Why we show the snap twice

After you snap a board, BoardSnap shows you the photo immediately — and then again at the top of the summary. Most apps would show it once. Here's why we show it twice and what that changes.

BoardSnap shows your whiteboard snap in two places:

  1. Immediately after capture — a full-screen preview that you review and confirm before analysis begins.
  2. At the top of the summary card — a thumbnail of the board alongside the summary text.

Most photo-analysis apps show the image once, maybe as a thumbnail in a list. Showing it twice is a deliberate choice. Here's why.

### The first show: verification

After the shutter fires, you see a full-screen preview of the processed image — VisionKit's perspective-corrected, cropped version of what you just photographed.

This is the verification step. It gives you the chance to confirm that the image is usable before committing to the analysis. If the glare ate half the board, you'll see it now. If the crop is wrong, you'll see it now. One tap to retake, one tap to confirm and proceed.
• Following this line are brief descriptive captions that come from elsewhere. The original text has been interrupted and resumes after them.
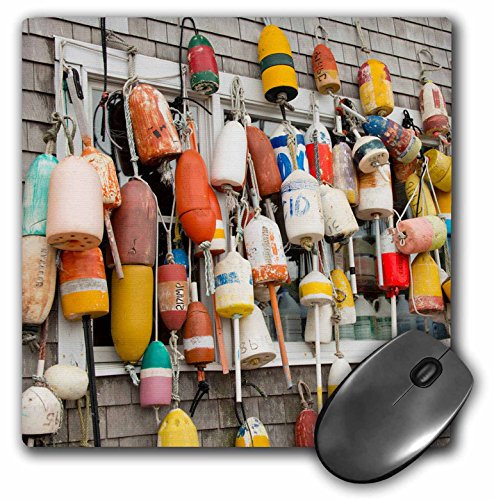 3dRose mp_190255_1 8" x 8" USA Rhode Island Block Island. Fishing Buoys and Floats. Mouse Pad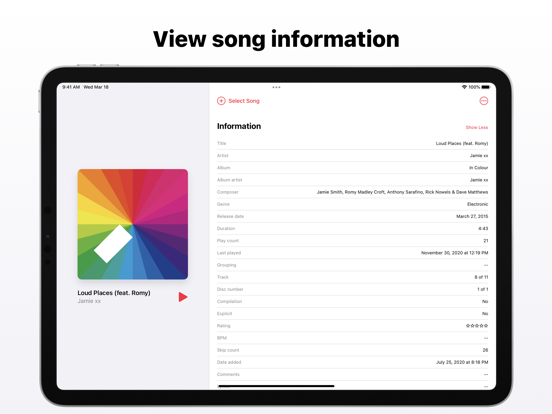 Music Info — Song Metadata Screenshots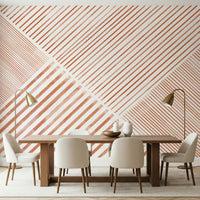 An artistic modern stripe mural on minimalist wallpaper.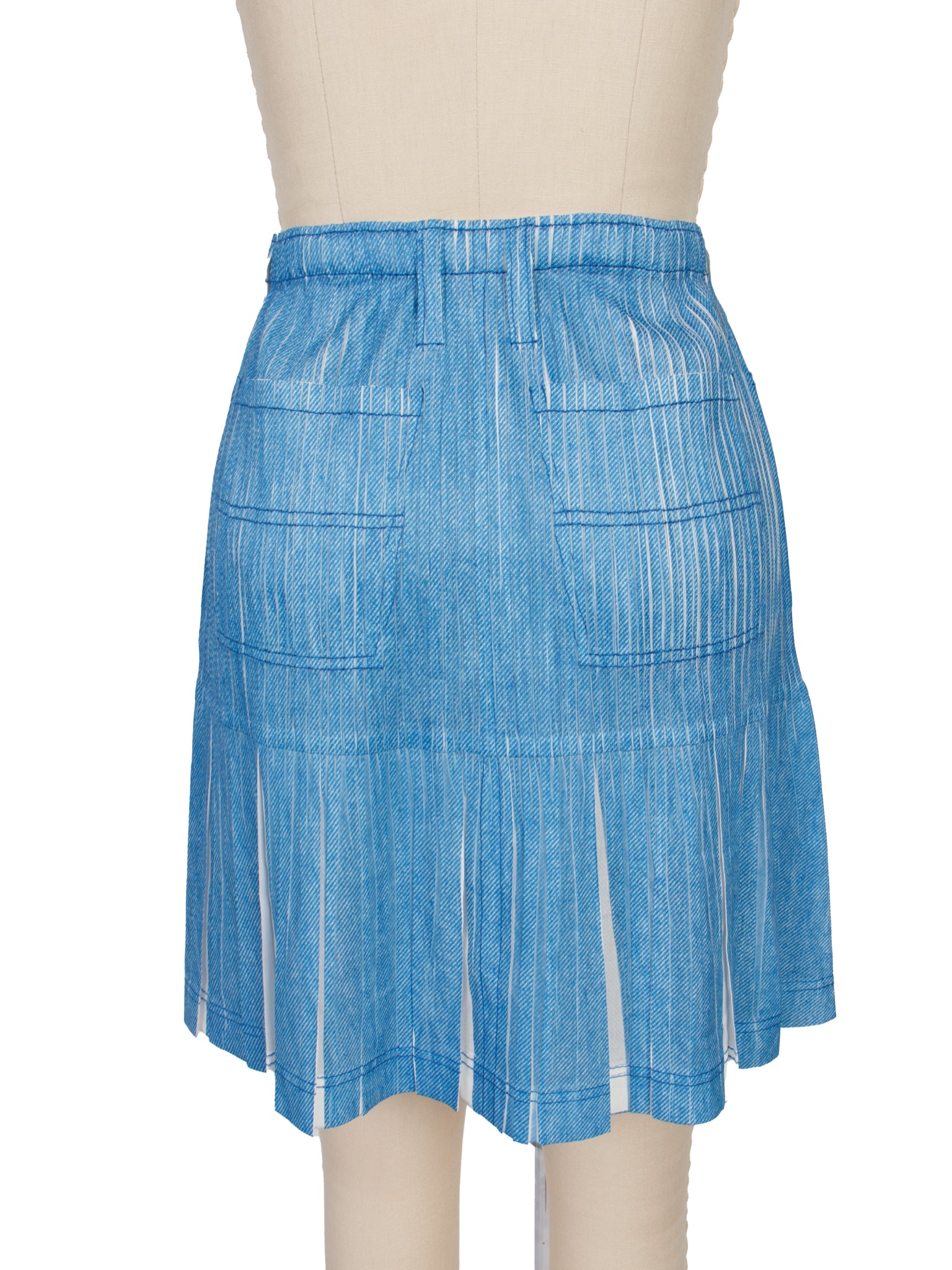 Pleat Please Trompe L'Oeil Denim Print Skirt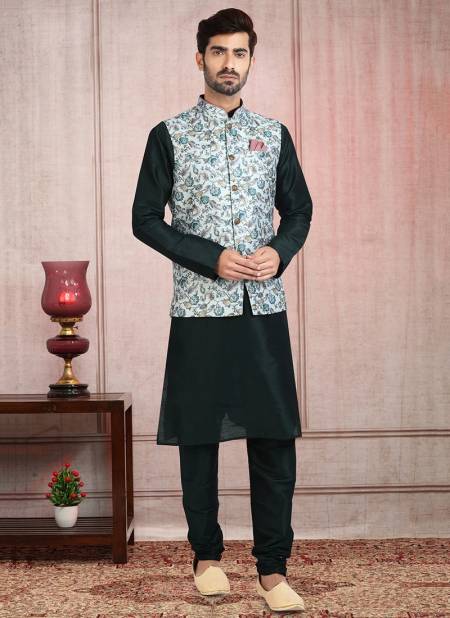 Pista Green Colour Festive Wear Jacquard Banarasi Silk Digital Print Kurta Pajama With Jacket Mens Collection 1214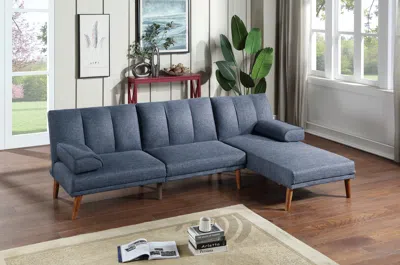 Streamdale Furniture Streamdale Navy Polyfiber Sectional Sofa With Adjustable Chaise In Blue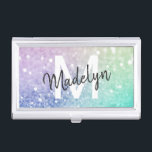Pretty Holographic Glitter Girly Glamorous Business Card Case<br><div class="desc">Easily personalize this elegant colorful bokeh glitter pattern with your custom details.</div>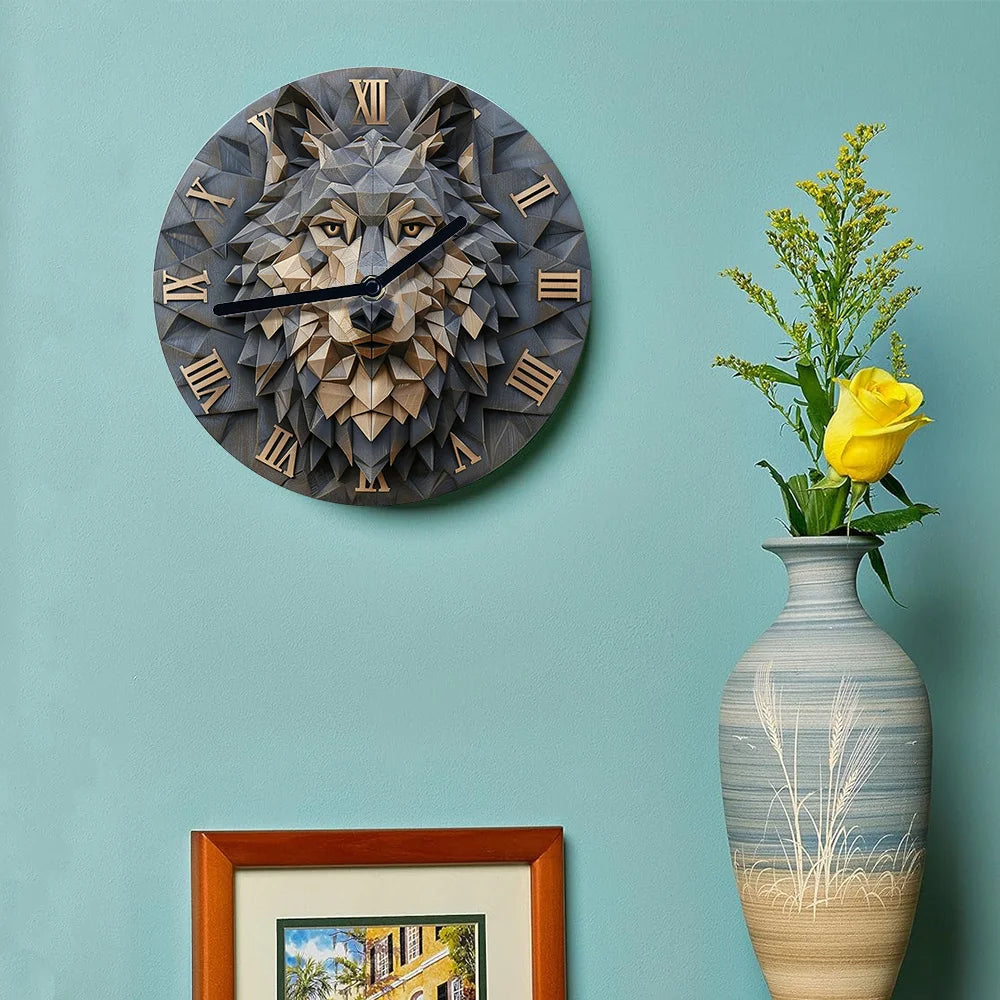 Horloge murale vintage tête de loup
Without this step, we'd be sending images directly to analysis — and users would only discover a bad snap when they got a bad or incomplete summary. That's a worse experience than discovering the bad snap immediately and being able to retake it in seconds.

The verification step adds about 3 seconds to the flow in exchange for eliminating a whole class of "the AI read it wrong" support requests. Worth it.
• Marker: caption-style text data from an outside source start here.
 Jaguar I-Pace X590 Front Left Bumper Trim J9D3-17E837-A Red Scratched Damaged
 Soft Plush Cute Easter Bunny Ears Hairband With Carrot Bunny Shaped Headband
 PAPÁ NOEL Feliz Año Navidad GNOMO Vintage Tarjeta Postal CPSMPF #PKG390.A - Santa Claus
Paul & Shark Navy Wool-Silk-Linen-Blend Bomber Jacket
### The second show: grounding

The thumbnail at the top of the summary card is there for a different reason: grounding.

AI-generated text can feel unmoored, especially in a productivity context. "Did it actually understand the board? Is this summary connected to what was actually on the board?"

Showing the board thumbnail alongside the summary keeps the summary grounded in the physical artifact it came from. The connection between the whiteboard in the room and the text on the screen is visible and explicit. Users don't have to hold the connection in their heads — they can see it.

This grounding effect is subtle but measurable: in the version of the app that didn't show the thumbnail alongside the summary, users were more likely to manually verify the summary against the original photo (checking their camera roll, going back to the board). With the thumbnail visible, that behavior dropped significantly. The visual anchor reduced the verification anxiety.

### The double-show as a trust mechanism

Both instances of the snap serve trust purposes:

The first show: "You're in control. We're not sending a bad image to AI without your approval."

The second show: "The summary is grounded in your actual board, not in AI confabulation."

Trust is expensive in AI products. Every moment of "did it hallucinate that?" or "is this actually based on what I snapped?" is an erosion. The double-show is cheap infrastructure for preventing those erosions.

### The exception: the list view

In the board list view, we show a thumbnail for each board — which means users see their board snap a third time, as a visual identifier in the list.

This is different from the grounding function. In the list view, the thumbnail is a visual anchor for navigation: you recognize your board by its image. The summary text alone isn't a reliable way to find a specific board if you have many. The image is faster.

Three places: capture confirmation, summary grounding, list navigation. Each is doing different work.